Reducing air pollution has important health benefits — but it can also have an unusual impact on the environment.
A new study from the National Oceanic and Atmospheric Administration (NOAA), recently published in the journal Science Advances, examined how particulate air pollution, or aerosols, and climate change have affected tropical cyclones over the past 40 years.
The results were surprising.
“Reducing air pollution does not always decrease the risk of hazards from tropical cyclones,” said Hiroyuki Murakami, a physical scientist at NOAA’s Geophysical Fluid Dynamics Laboratory and study author.
From 1980 to 2020, Europe and North America reduced particulate air pollution from automotive and energy industries. This resulted in an estimated 50 percent drop in the concentration of particulate air pollution, which has had a significant impact on water temperatures in the tropical Atlantic Ocean basin and the development of tropical cyclones, per NOAA.

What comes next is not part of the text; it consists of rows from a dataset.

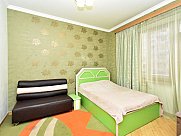 Apartment, 3 room, Mets Kentron, Yerevan
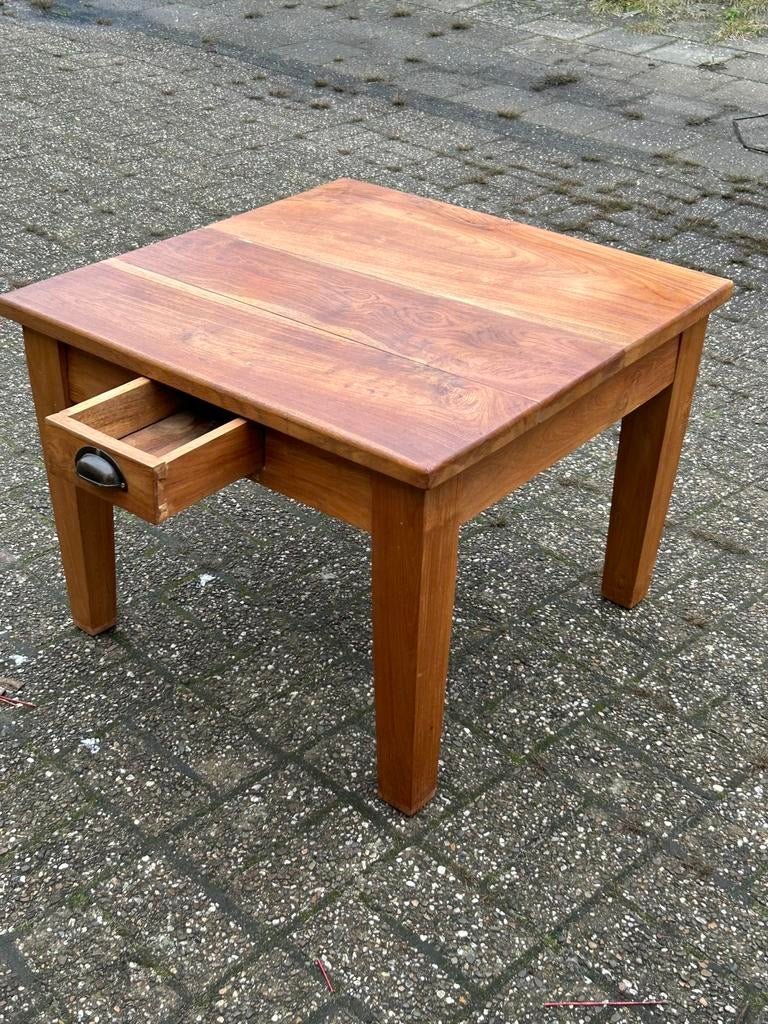 Te koop teakhouten salon/hoektafel. Met 1 lade., Huis en Inrichting, Ophalen of Verzenden, Vierkant, 45 tot 60 cm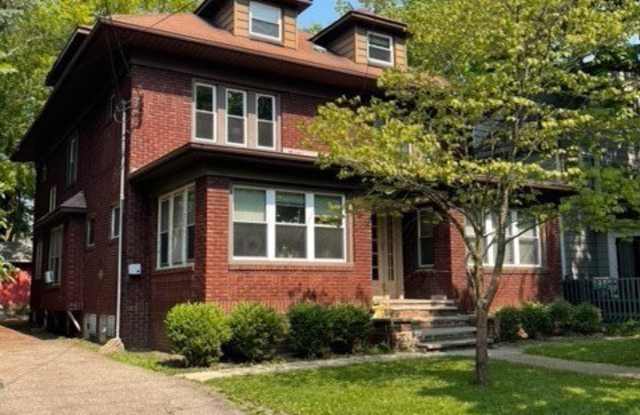 163 S Portage Path unit: 3 - 163 South Portage Path, Akron, OH 44302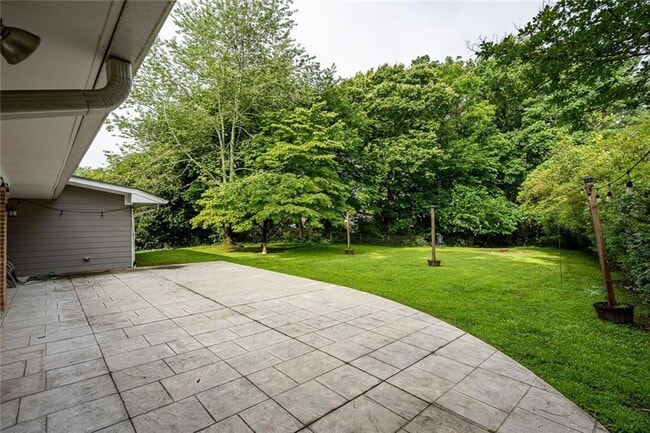 Building Photo - 2470 Landeau Cir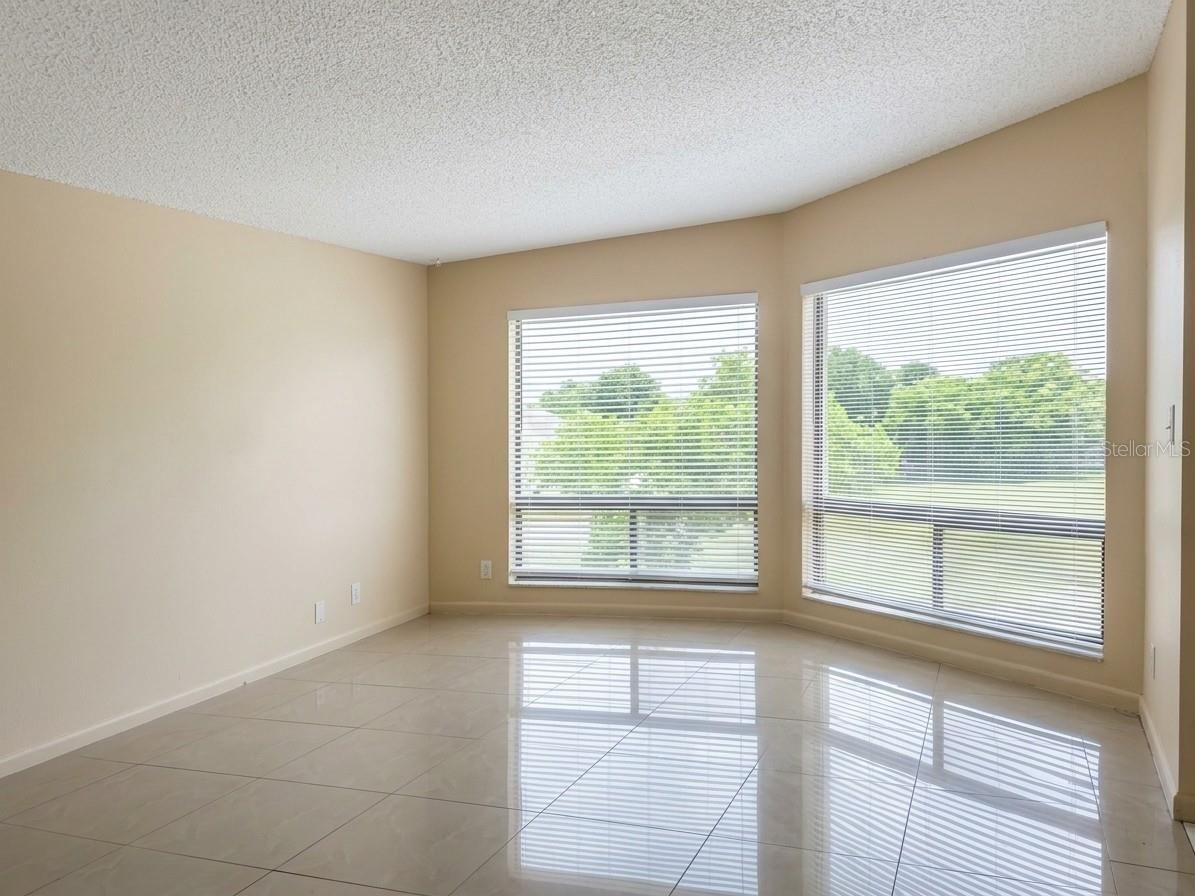 Photo 3 of 2512 Lemon Tree Ln #3c, Orlando, FL 32839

“Particulate matter and water temperatures are linked, in this case, by the parasol effect,” said Dr. Boris Quennehen, lead atmospheric scientist at Plume Labs, a company acquired by AccuWeather earlier this year. Particulate matter (PM), also known as aerosols, is a mix of fine dust and tiny liquid droplets. It can come from natural sources, such as sand, wildfires, volcanic eruptions, sea salts or human activities, like fire or explosion.
“The PM parasol effect means that a part of the sunlight is reflected [or] trapped by particles and thus can’t reach the surface as it would have if particles weren’t there,” said Quennehen, who was not involved in the new study. “Less sunlight reaching the surface means less energy and thus lower temperature. Less particulate matter means less reflection, thus warmer waters.”
Warm water temperatures above 80 degrees F are one of the key ingredients in the formation of a tropical cyclone. Given the parasol effect, water temperatures in the tropical Atlantic Ocean basin are warming, creating ideal breeding grounds for tropical development.
“A warming Atlantic Ocean has been a key ingredient to a 33 percent increase in the number of tropical cyclones during this 40-year period,” said Murakami.
Moreover, there has been an increase in temperature in the middle-to-high latitudes in the Northern Hemisphere from the decreased amount of pollution, according to the study. This has resulted in a steady poleward movement of the jet stream from the tropics toward the Arctic, which has led to weaker winds in the upper troposphere in the tropical Atlantic Ocean basin.
Wind speeds gradually strengthen and sometimes change direction from the lower troposphere, which is closest to the surface of the Earth, to the upper troposphere, which is about 10 to 12 miles from the surface of the Earth in the tropical Atlantic basin. This difference between wind speed and direction and height is defined as wind shear.
The weaker winds in the upper troposphere led to an environment with little to no wind shear, which is another key ingredient in tropical cyclone development.
Low wind shear and warm ocean waters are two of the three main ingredients needed to form and sustain a tropical cyclone. The decreased air pollution from North America and Europe over the past 40 years has led to an environment in which these ingredients can flourish, the study said.
On the other side of the world, in the western North Pacific, where strong tropical cyclones are referred to as typhoons, the opposite is occurring. The increase in air pollution in the western North Pacific has been one of several factors that has contributed to a 14 percent decrease in tropical cyclones during the past 40 years, according to the study. Some other factors include natural variability and increased greenhouse gasses.
In East Asia, the increased amount of air pollution has made the land temperature cooler, which has reduced the contrast between the land and ocean temperatures. Without this contrast, the monsoon winds become weaker.
A monsoon is defined as the change in wind direction that can trigger persistent rainfall or long-duration dry weather. In the summer, the westerly Indian monsoon winds converge with trade winds in the western Pacific Ocean, creating tropical cyclones. However, with weaker monsoon winds, a lower number of tropical cyclones have formed over the last four decades, according to Murakami’s research.
Over the 40-year period Murakami examined, there has been a 40 percent increase in the amount of pollution filling the air over the western North Pacific, which has corresponded to a 14 percent decrease in the formation of tropical cyclones, or typhoons.
Without considering other factors, it might seem that adding more particles, or air pollution, to the atmosphere will help reduce the number of tropical cyclones, but such a concept is not practical, said Quennehen.
“Adding more particles in the atmosphere is not a viable solution for the Earth and humankind,” said Quennehen. “More particles means more heath impacts but also ocean acidification, which may lead to the extinction of many marine species.”
“This study indicates that decreasing air pollution leads to an increased risk of tropical cyclones, which is happening in the North Atlantic, and could also happen, if air pollution is rapidly reduced, in Asia,” said Murakami. “The ironic result suggests the necessity of careful policy decision-making in the future that considers the pros and cons of the multiple impacts.”
In the next decade, Murakami predicts increased greenhouse gases will significantly influence tropical cyclones, compared to human-caused particulate air pollution.